Probing temperature-driven flow lines in a gated two-dimensional electron gas with tunable spin-splitting

TL;DR

This study investigates how temperature influences the flow of conductivities in a gated GaAs 2DEG with tunable spin-splitting, confirming theoretical predictions about critical Hall conductivity variations.

Contribution

It provides experimental validation of a modular symmetry-based theory predicting the relationship between spin-splitting and critical Hall conductivity in 2DEGs.

Findings

Experimental data support the theory's predictions.

Spin-resolved and spin-degenerate phase transitions observed.

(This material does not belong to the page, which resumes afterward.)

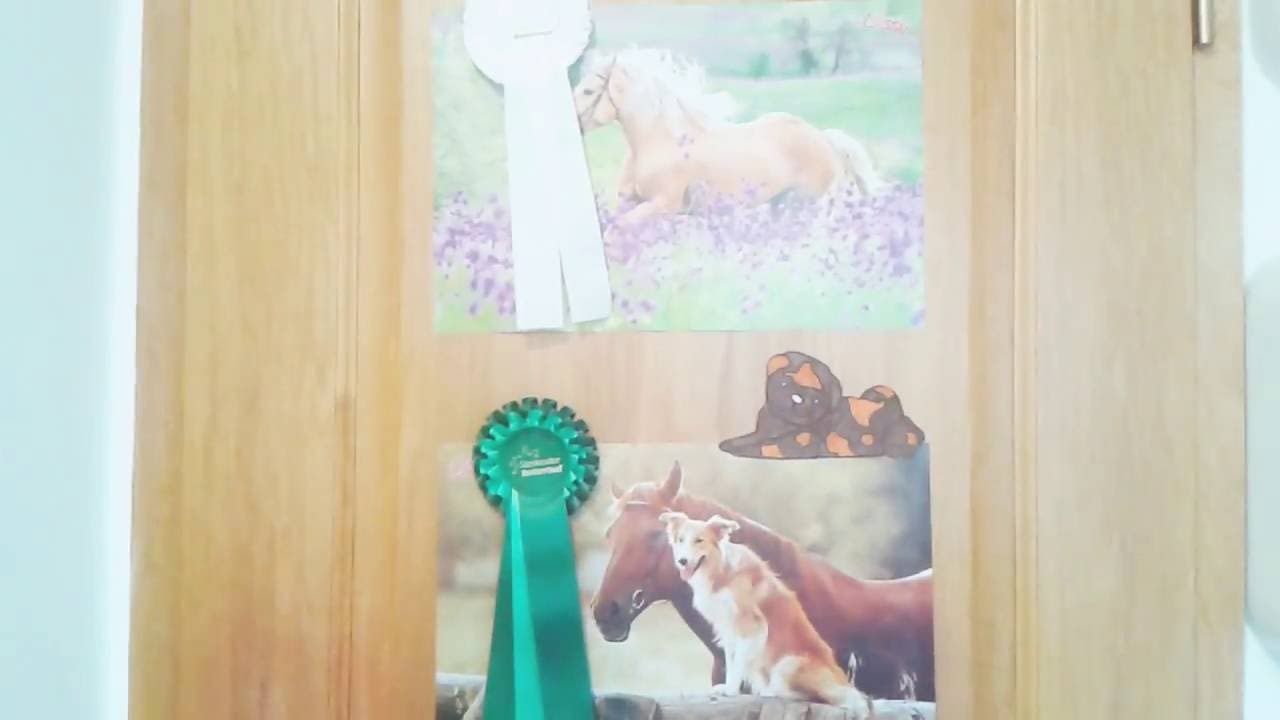 Mein Putzkoffer &hearts;
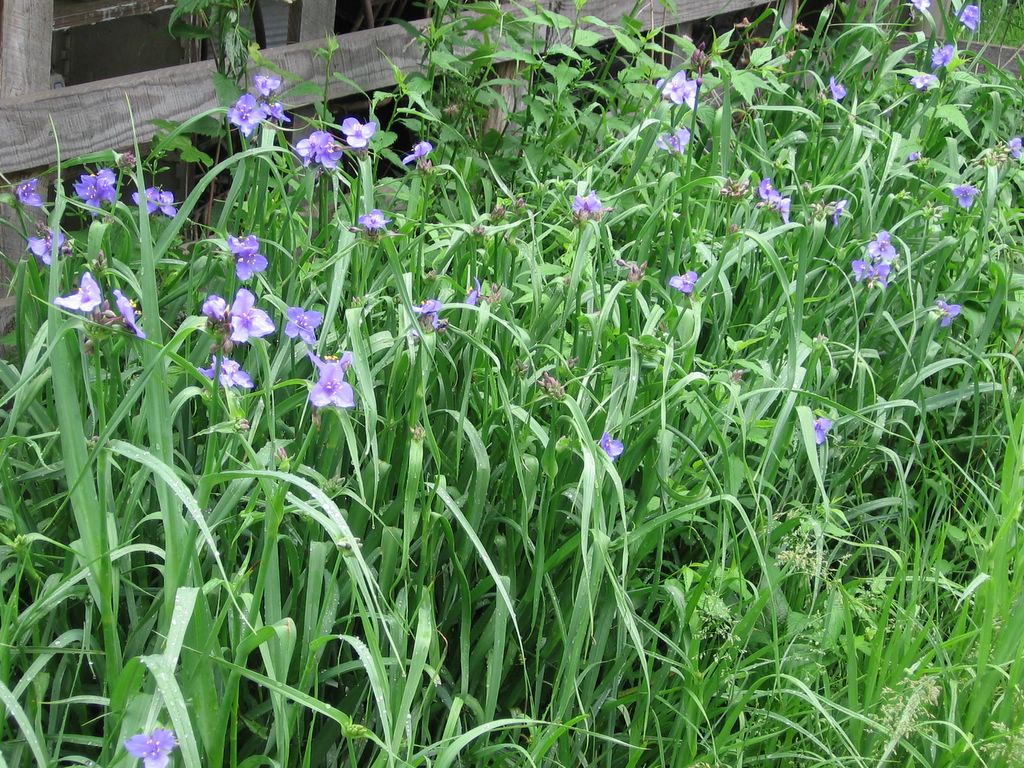 Kitchen Plants To Grow At Home Kitchen Plants To Grow At Home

Critical Hall conductivity varies with spin-splitting as predicted.

Abstract

We study the temperature flow of conductivities in a gated GaAs two-dimensional electron gas (2DEG) containing self-assembled InAs dots and compare the results with recent theoretical predictions. By changing the gate voltage, we are able to tune the 2DEG density and thus vary disorder and spin-splitting. Data for both the spin-resolved and spin-degenerate phase transitions are presented, the former collapsing to the latter with decreasing gate voltage and/or decreasing spin-splitting. The experimental results support a recent theory, based on modular symmetry, which predicts how the critical Hall conductivity varies with spin-splitting.